* SUPPLIED RECORDS:

┄┄┄┄┄┄

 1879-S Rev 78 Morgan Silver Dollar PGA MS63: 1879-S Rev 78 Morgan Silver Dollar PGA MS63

┄┄┄┄┄┄

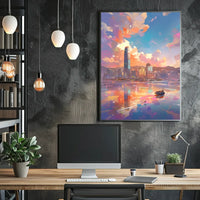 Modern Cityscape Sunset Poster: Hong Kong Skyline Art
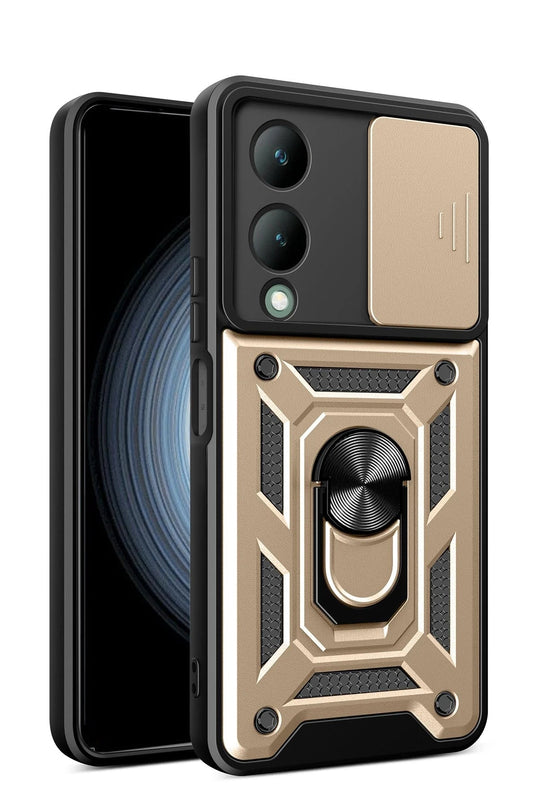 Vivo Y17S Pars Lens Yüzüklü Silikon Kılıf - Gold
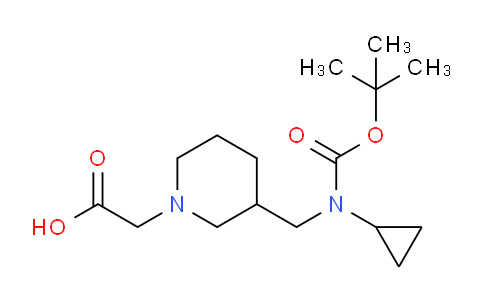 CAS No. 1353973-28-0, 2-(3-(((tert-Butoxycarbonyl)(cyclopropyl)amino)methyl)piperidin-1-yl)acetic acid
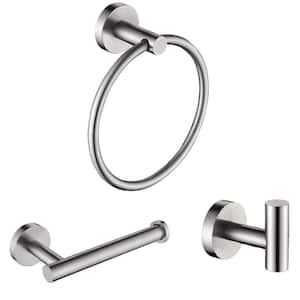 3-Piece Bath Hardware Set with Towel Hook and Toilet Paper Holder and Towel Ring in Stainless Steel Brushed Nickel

┄┄┄┄┄┄

* WHAT NEEDS TO BE DONE:
Please return the material above only from the line that holds "Vivo Y17S Pars" through the line that holds "3-Piece Bath Hardware", exactly as it stands, ends included and pictures omitted.

* RESPONSE TO THE TASK:
 Vivo Y17S Pars Lens Yüzüklü Silikon Kılıf - Gold
 CAS No. 1353973-28-0, 2-(3-(((tert-Butoxycarbonyl)(cyclopropyl)amino)methyl)piperidin-1-yl)acetic acid
 3-Piece Bath Hardware Set with Towel Hook and Toilet Paper Holder and Towel Ring in Stainless Steel Brushed Nickel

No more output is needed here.